The section dealing with facility maintenance and operation covers site drainage maintenance, foundation maintenance, wall maintenance, roof and ceiling assembly maintenance, plumbing system operation and maintenance and HVAC system operation and maintenance. " The people who keep buildings working—the HVAC mechanics, carpenters, plumbers, electricians, engineers, custodians and managers—inherit the good points and the bad points of the design and construction," read the introduction to Chapter 4.
The guide is set up in a problem/solution format, listing several guidance points to troubleshoot the situation. For example, facility managers faced with water infiltration through the foundation of the facility are directed to check on the condition of roof drain leaders and look for newly sprouted trees near drain lines, among many other practical steps.
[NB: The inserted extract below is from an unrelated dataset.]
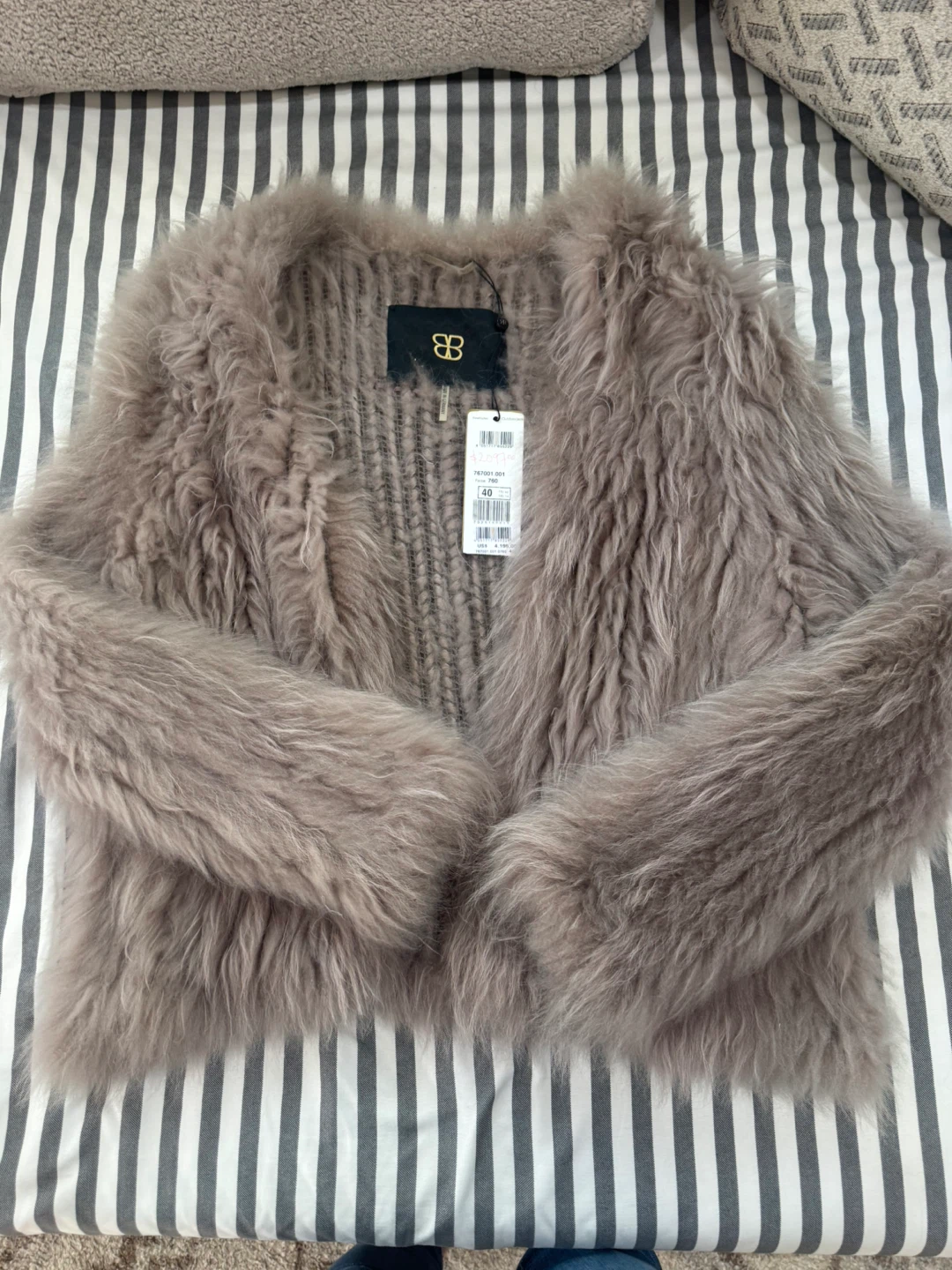 Basler Women's Cashmere Fur Jacket Size 40 - photo 3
The guide can be found here.
2. Remove Mold to Preserve Indoor Air Quality
Mold has a broadly known detrimental effect on indoor air quality. Facility occupants are very sensitized to the risks of mold exposure, so facility managers are often well aware of how to keep mold infestation from occurring in the first place and how to remediate the situation. But did you know that it is not enough to kill the mold? According the EPA, dead mold is allergenic and some dead molds are still potentially toxic. Splashing some bleach on the trouble spot (or spots) and calling it a day is not going to cut it, for various reasons.
EPA calls out several steps that must be taken in mold remediation. The EPA does not recommend using a biocide, such as bleach, as chlorine bleach and its ilk have their own detrimental effects on indoor air quality and human health. (However, biocide should be used when the professional judgment of the situation warrants the benefit is greater than the risk, such as when immune-compromised people are involved, says EPA.)
In general, the strategy for remediation recommended by the EPA is to dry out and thoroughly clean the space, dispose of all moldy materials that can't be cleaned and thoroughly clean the tools used in cleanup so you're not just contaminating the space all over again. Achieving an indoor relative humidity between 30 and 50 percent is the goal, as this will limit mold's ability to grow and spread.